Action item | Give back only the lines in the records below from the one with "Carte Postale Faire-part" to the one with "Cabochon en Verre", both inclusive, word for word.

Given data |
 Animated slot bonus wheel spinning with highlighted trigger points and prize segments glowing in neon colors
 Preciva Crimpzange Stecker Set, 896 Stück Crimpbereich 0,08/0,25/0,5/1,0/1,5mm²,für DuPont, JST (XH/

==

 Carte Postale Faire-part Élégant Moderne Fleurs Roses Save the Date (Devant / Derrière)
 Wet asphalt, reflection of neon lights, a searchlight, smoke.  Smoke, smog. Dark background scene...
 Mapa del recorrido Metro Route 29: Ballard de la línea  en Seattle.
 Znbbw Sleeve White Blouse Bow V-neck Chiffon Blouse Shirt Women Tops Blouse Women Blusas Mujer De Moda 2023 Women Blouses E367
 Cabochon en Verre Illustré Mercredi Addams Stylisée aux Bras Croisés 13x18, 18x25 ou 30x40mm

The completed task |
 Carte Postale Faire-part Élégant Moderne Fleurs Roses Save the Date (Devant / Derrière)
 Wet asphalt, reflection of neon lights, a searchlight, smoke.  Smoke, smog. Dark background scene...
 Mapa del recorrido Metro Route 29: Ballard de la línea  en Seattle.
 Znbbw Sleeve White Blouse Bow V-neck Chiffon Blouse Shirt Women Tops Blouse Women Blusas Mujer De Moda 2023 Women Blouses E367
 Cabochon en Verre Illustré Mercredi Addams Stylisée aux Bras Croisés 13x18, 18x25 ou 30x40mm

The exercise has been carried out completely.